My current cv is available here.
I am a President's Professor at Arizona State University. My approach to doing anthropology embraces collaboration, transdisciplinarity, and rigorous data collection using an array of field methods to understand how culture shapes physical and mental health. Currently my work coaleses around three primary problems: obesity/weight gain, water insecurity, and stigma in global health.
I began doing long-term fieldwork in the Pacific islands -- Polynesia and Micronesia -- in the late 1980s. Since then, I have expanded to other parts of the globe, including most recently in Ethiopia, Haiti, and the US. I collaborate on my current projects with an amazing array of experts from many different countries and fields. Much of the overall design and execution of these collaborative projects is done in partnership with fellow ASU anthropologist Amber Wutich.
You can find a full detailed (and rather boring) biography at the bottom of my cv. Short version: I was born in New Zealand.

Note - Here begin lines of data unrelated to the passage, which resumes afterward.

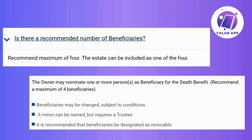Begin by launching the NCB mobile app on your device, your go-to for all your banking needs. After logging in with your credentials, navigate to your account. Next, find your way to the section that manages funds transfers or beneficiaries.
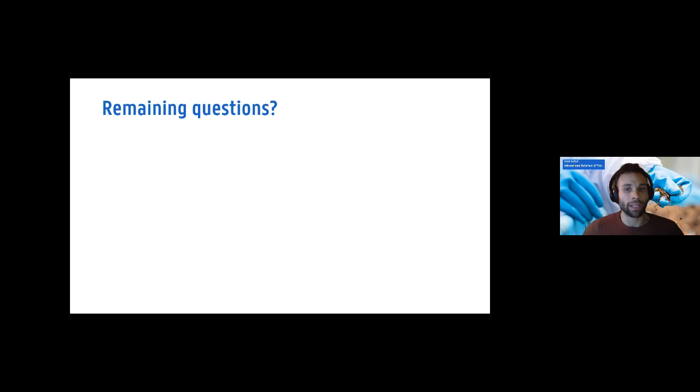Before giving the floor back to Lynn for our final interview, I want to remind you to post questions in the chat. After the final interview, I'll go over those questions and answer them. If you have a question, post it in the chat and we will follow up.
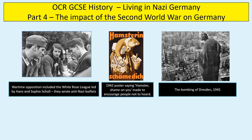Hello there, welcome to this revision video for GCSE history living in Nazi Germany. This is part four, the impact of the Second World War on Germany.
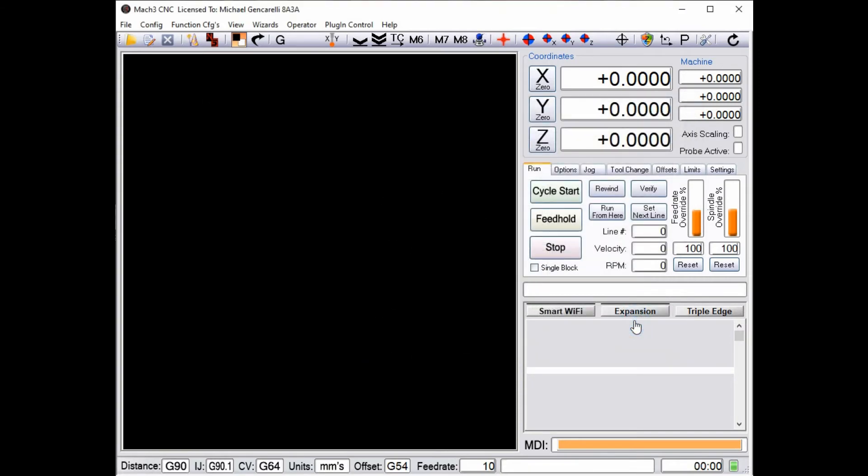So you can integrate these into your G code, you can turn your equipment on and off as you need it, save yourself some electric and some wear and tear on all the machines, even keep your shop a little quieter.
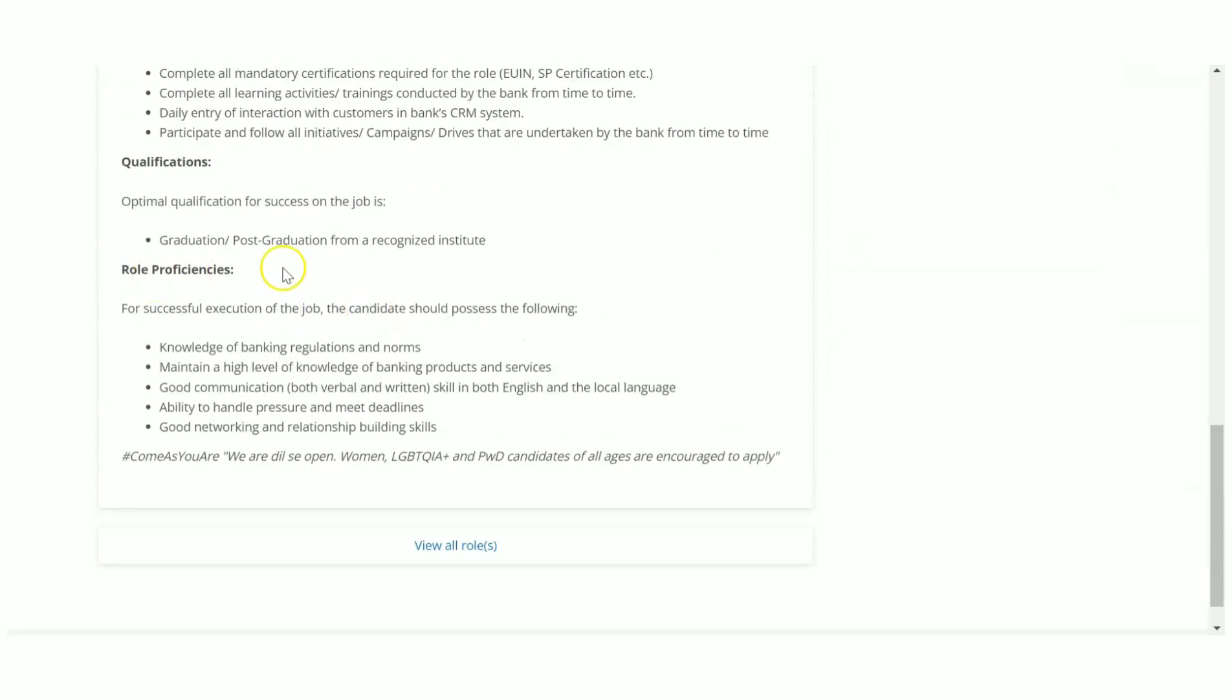The qualification requirement is graduation or postgraduation from a recognized university. Other than that, if you want to be successful in this job role, you should have knowledge about banking regulations, norms, and all. That is the requirement.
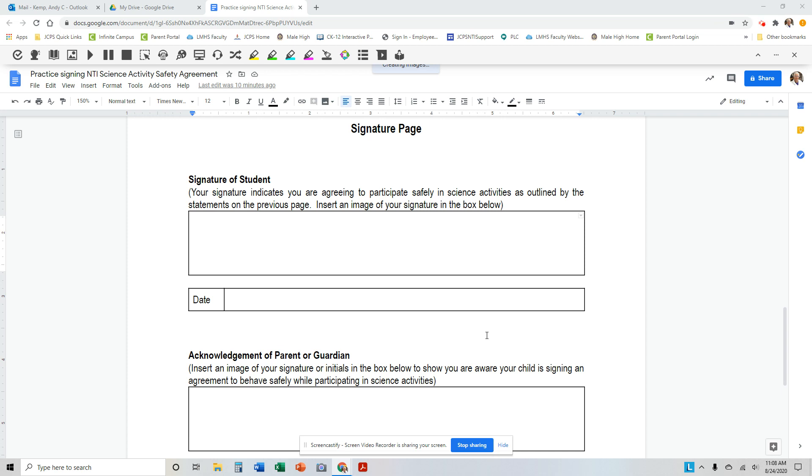Hi, I would like to show you two ways that you can send your signature in on a Google Doc. The first way is relatively easy.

My PhD is from the University of Arizona, and I did a postdoc at Brown University. I am formally trained in cultural anthropology, biological anthropology, and demography. I previously taught at both University of Auckland and University of Georgia and have written five books and over 150 academic articles.
I also have served in university leadership, and my favorite challenge is strategic growth and transformation in complex institutional environments. After joining ASU in 2006, I founded the Center for Global Health and launched the country's first (and still largest) undergraduate program in global health. I then directed the incredible School of Human Evolution and Social Change (SHESC) for some eight years. It was an amazing administrative ride, through massive recession-related budget cuts that spurred entrepreurial innovation and included rolling out multiple new on campus and online degrees; it ended with Anthropology at ASU being ranked #1 in the US for both research scale and faculty productivity even as our number of majors simultaneously doubled. I also served as ASU's Vice President for Social Science for four years, another period of exciting growth in otherwise uncertain times that took our NSF HERD national ranking in social science from #15 to #4.
By the way, I write as and prefer to go professionally by Alexandra Brewis, but my legal name is Alexandra Slade. Techno-bureaucracy means my last name turns up variously in different systems as Brewis, Brewis Slade (no hyphen), Brewis-Slade (hyphen), and Slade. I answer to them all.